Bentley, Cairo receive International Education Faculty Achievement Award

The SIUE professors responsible for a collaboration between departments that began with a workshop and culminated in a study abroad program were awarded the 2013 International Education Faculty Achievement Award last week by Chancellor Julie Furst-Bowe.

Anthropology professor Aminata Cairo and theater and dance professor Kathryn Bentley created the interdisciplinary program and its study abroad component, in which students travel to Suriname, a country in northern South America.

The award itself is a great honor, according to Cairo.

“My family’s originally from Suriname, so the fact that I get to take students home means a whole lot to me, and it means a whole lot to my people in Suriname,” Cairo said. “They are very proud and very excited… they like it when you come back.”

Similarly, Bentley said she is honored to receive recognition from Furst-Bowe.

“I think it’s great that the university recognizes the work that myself and Aminata and other folks that are taking students on study abroad programs [are doing]… exposing students to as much as they can before they leave here,” Bentley said.

As part of the study abroad program, Cairo said theater students learn anthropological skills while theatre techniques aid anthropology students. The students participate in cultural workshops and service learning together and individual projects for their respective departments.

The theater techniques, according to Cairo, help students with group building, as well as field work, which requires dealing with different people.

Prior to this year’s Suriname trip, Bentley said the students met once a month to get to know each other, participated in theater improvisational games and learned “how to be involved with each other” and interact with communities.

The week before leaving, Bentley said the students met every day and her students were introduced or re-introduced to ethnographic and anthropological research methods.

The theater component teaches students about interaction and “being present in the moment,” according to Bentley, while the anthropological component teachings about interviewing.

Senior anthropology major Courtney Doole said working with the theater and dance department was “a lot of fun.”

“It helped me to recognize more of the beauty of the culture around us,” Doole said. “It helped provide a connection with the community and helped me to think outside of the box, more creatively.”

As far as service learning, Cairo said SIUE students went into Suriname schools and played theater games with the children.

Cairo and Bentley have taken students to Suriname twice.
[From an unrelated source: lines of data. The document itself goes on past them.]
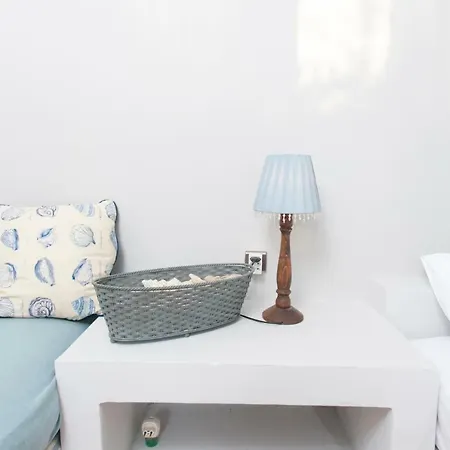 Mantinia Blue Ii By The Sea With Stunning Garden Hébergement de vacances Kalamata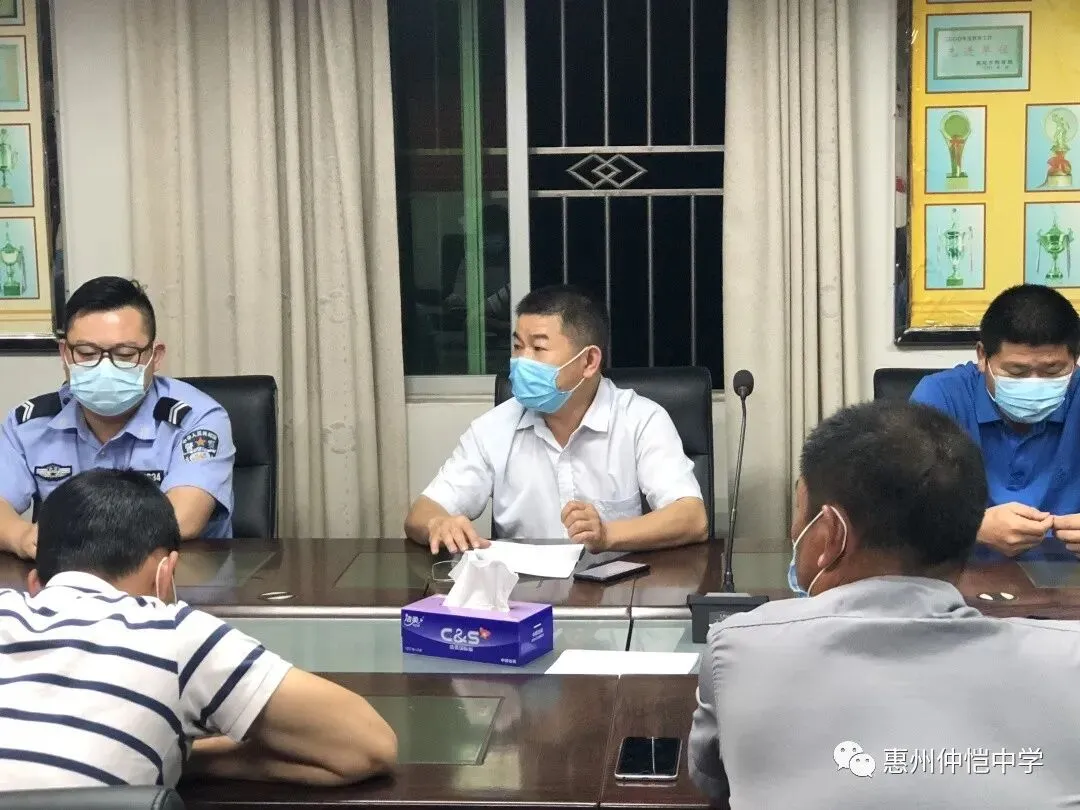 钟锦山主席进行检查总结讲话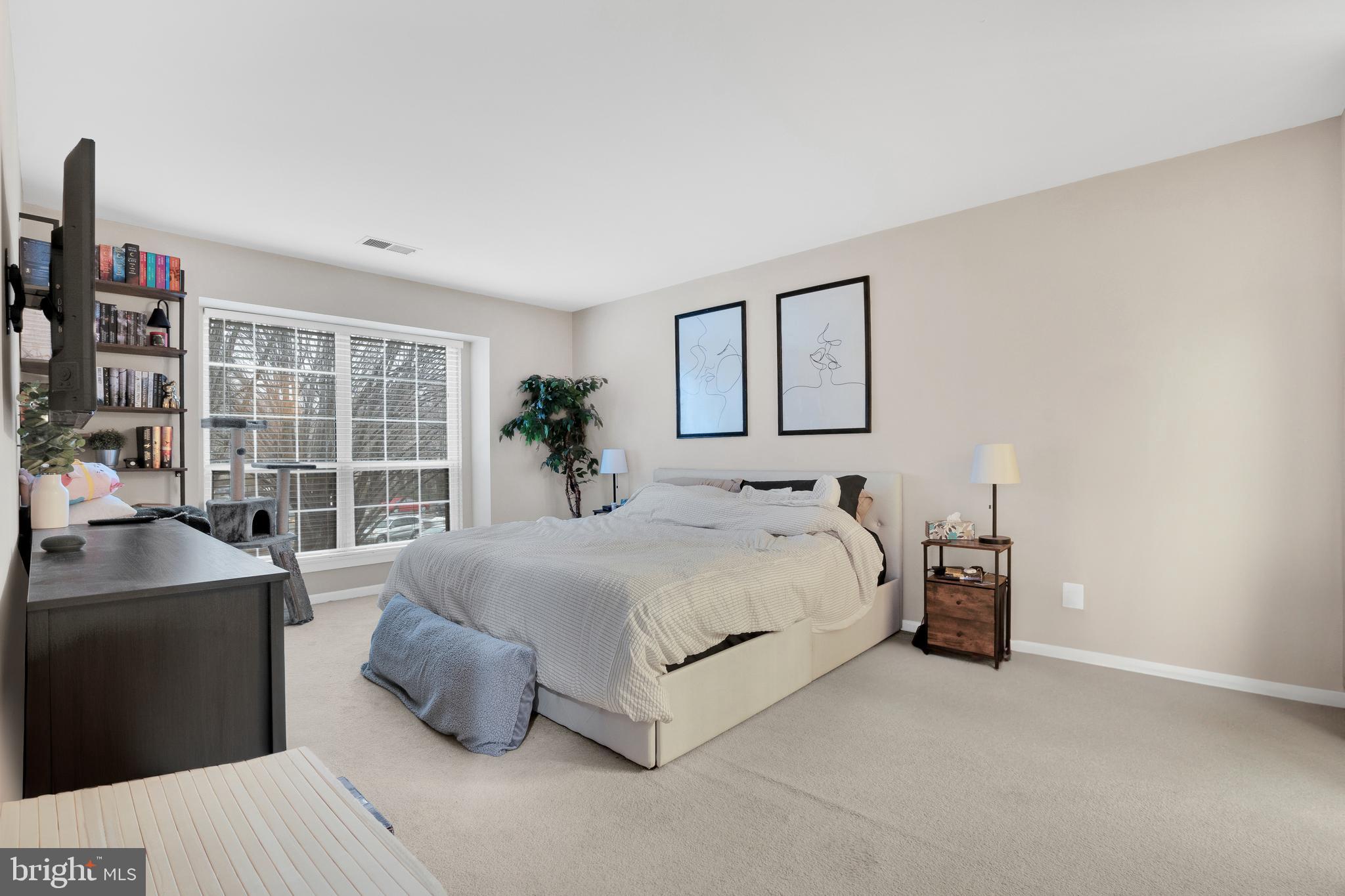 CARR AT PINECREST - Residential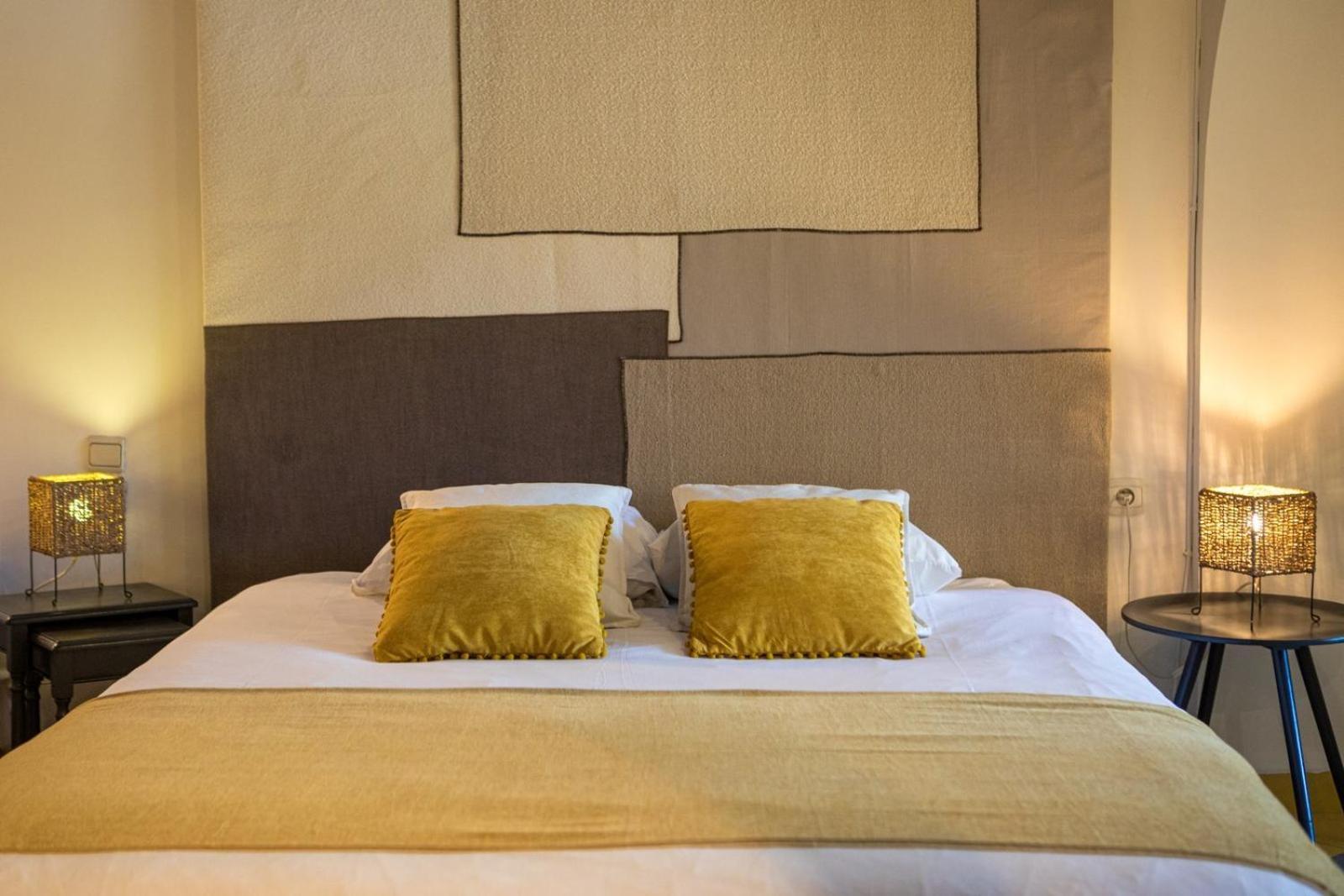 In Provence Hotel - Experience Atypique Venelles Exterior photo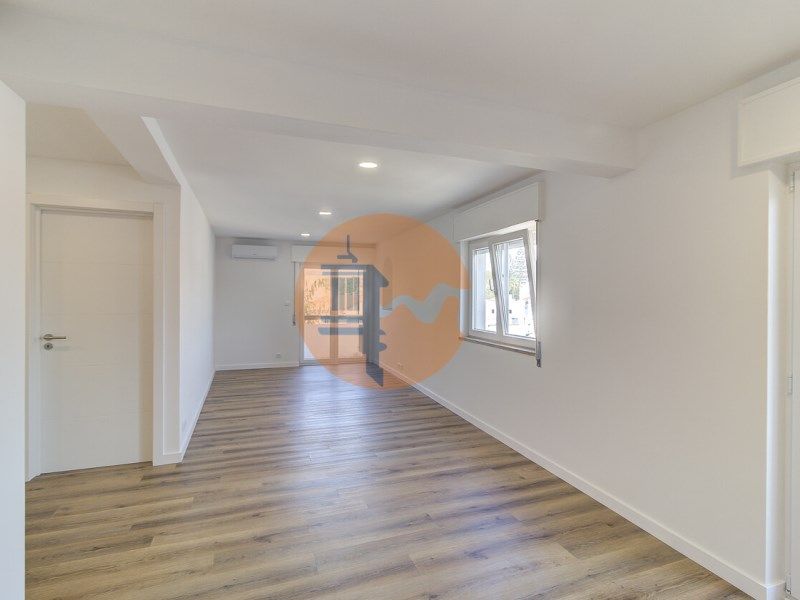 Property photo 3 of 28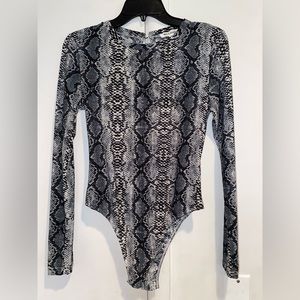 WILD HONEY medium form fitting snakeskin bodysuit -amazing quality -never worn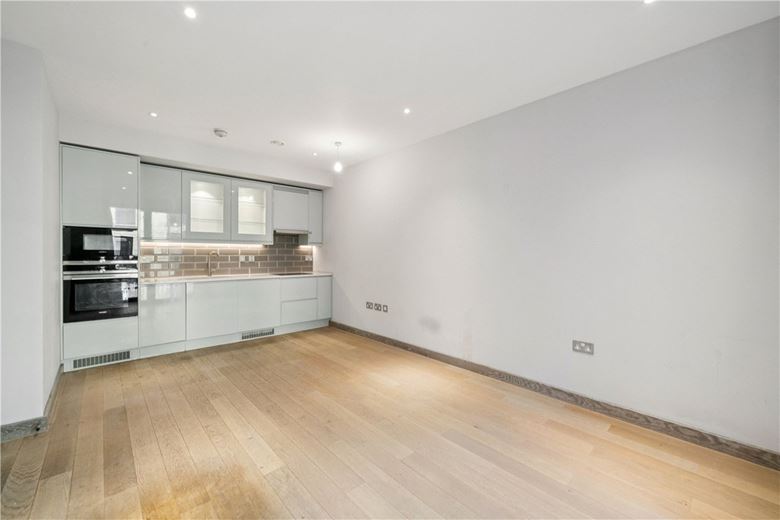  bedroom flat, Chivers Passage, London SW18 - Available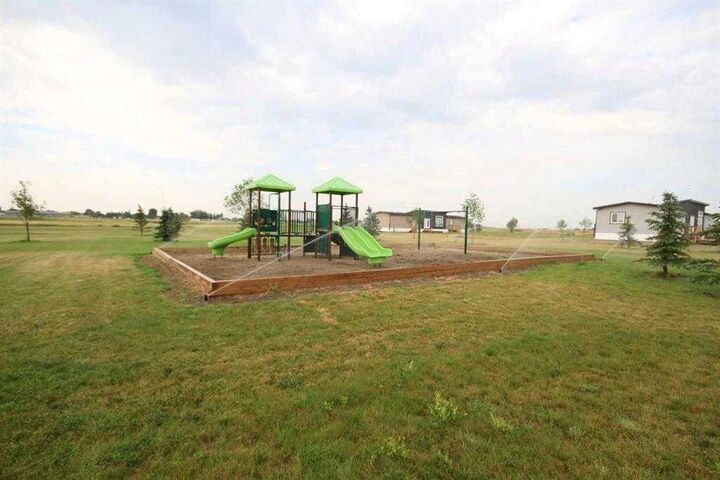Photo de la propriété:  2 Meadows Way  AB T1G 2A2 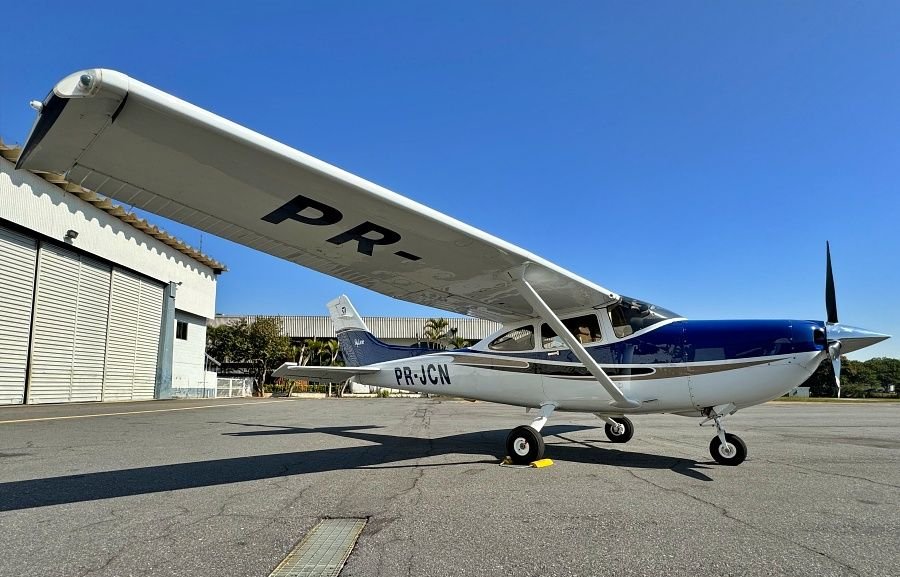 CESSNA 182 SKYLANE ASPIRADO 2004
Traveling to Suriname is a “mind-blowing experience” for many students, according to Cairo.

“They get so much out of it,” Cairo said. “There’s just things that I cannot – that you cannot learn from a book, understanding your potential as a world citizen, there’s only so far you can go with that in a classroom.”

Senior anthropology major Jennifer Lewis participated in the most recent study abroad trip and said the Suriname population was diverse, including Indonesians, Chinese and Africans. Going on the trip also gave her the realization that she made the right decision in selecting anthropology as her major.

“A lot of people who are in cultural anthropology, [they] always talk about going to other places, then when they do realize, ‘This isn’t for me…,’” Lewis said. “This really showed me that I can do this.”

 

Furst-Bowe said the study abroad program is “very unique” because of its location and the fact that it brings two departments together. One of Furst-Bowe’s goals is for more students to participate in study abroad so they can experience an exposure to different countries, cultures and ways of learning.

“I talk to so many students when they return from a study abroad experience…,” Furst-Bowe said. “They come back and they’re just very changed because I think that they find is their way of living and learning here is, they’re rather set in their ways and it opens their eyes, opens their minds to just all kinds of different ways of thinking.”

Bentley said the collaboration has been “awesome” and is something “more people could embrace.”

“It’s very meaningful for the students to see two different disciplines working well together,” Bentley said. “It broadens their scope of what they can offer the world.”